Analisis Puisi:
Puisi “Mawar Kekasih” merupakan sajak pendek yang padat dengan simbol dan perbandingan. Remy Sylado memanfaatkan citra mawar—bunga yang identik dengan cinta dan keindahan—untuk membangun refleksi tentang kefanaan fisik dan keabadian kenangan.
Walaupun singkat, puisi ini menyimpan kedalaman makna tentang bagaimana cinta dapat melampaui batas usia dan kematian melalui ingatan.
Tema
Tema utama puisi ini adalah cinta dan keabadian kenangan. Selain itu, terdapat pula tema:
- Keindahan yang fana.
- Simbolisme bunga sebagai lambang perasaan.
- Perbandingan antara fisik dan batin.
- Memori yang melampaui waktu.
Secara umum, puisi ini bercerita tentang perbandingan antara mawar sebagai bunga dengan “Mawar Saron” yang dimaknai sebagai seorang kekasih.
Pada bait pertama, penyair menyebut:
“Mawar Belanda apa mawar Inggris lembut citranya di kanvas pelukis Prancis”
Mawar dihadirkan sebagai simbol keindahan universal, lintas bangsa dan budaya. Ia indah dan sering menjadi objek seni.
Namun, penyair mengingatkan bahwa usia mawar pendek, dan ia memiliki duri yang tajam.

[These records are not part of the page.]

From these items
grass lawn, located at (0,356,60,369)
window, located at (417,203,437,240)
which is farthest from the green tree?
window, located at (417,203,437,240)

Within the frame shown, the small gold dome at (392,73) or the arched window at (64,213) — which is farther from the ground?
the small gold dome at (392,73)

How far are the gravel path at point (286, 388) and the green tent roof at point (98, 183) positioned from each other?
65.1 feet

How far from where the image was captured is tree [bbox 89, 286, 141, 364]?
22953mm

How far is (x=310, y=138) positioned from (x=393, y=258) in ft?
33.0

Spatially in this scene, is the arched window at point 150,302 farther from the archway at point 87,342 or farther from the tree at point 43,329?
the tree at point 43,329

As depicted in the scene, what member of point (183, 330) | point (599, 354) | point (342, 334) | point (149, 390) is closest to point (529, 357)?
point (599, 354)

Keindahan fisik bersifat sementara dan rentan.
Berbeda dengan itu, ketika “Mawar Saron” dimaknai sebagai nama seorang kekasih, penyair menyatakan:
“biar menetap ia dalam ingatan yuwana dibawa bersama sepanjang usianya.”

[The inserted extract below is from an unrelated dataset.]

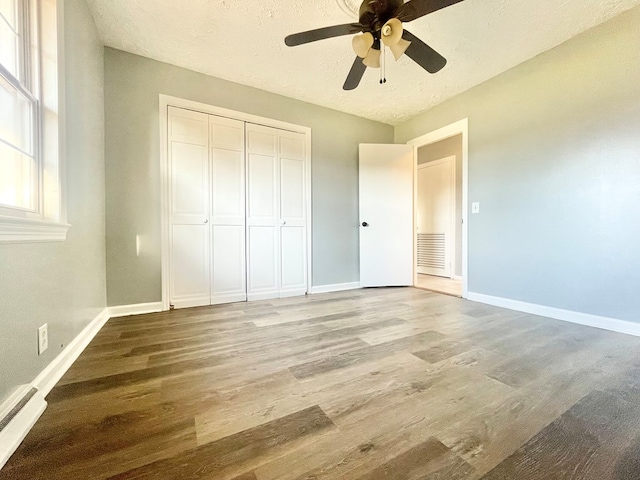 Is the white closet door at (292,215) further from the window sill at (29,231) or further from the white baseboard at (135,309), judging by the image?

Artinya, cinta yang melekat dalam ingatan jauh lebih abadi daripada keindahan fisik bunga.
Makna Tersirat
Makna tersirat dalam puisi ini adalah bahwa cinta sejati tidak terletak pada keindahan lahiriah, melainkan pada kenangan dan kesetiaan hati.
Mawar sebagai bunga:
- Indah, tetapi cepat layu.
- Memiliki duri—simbol risiko atau luka dalam cinta.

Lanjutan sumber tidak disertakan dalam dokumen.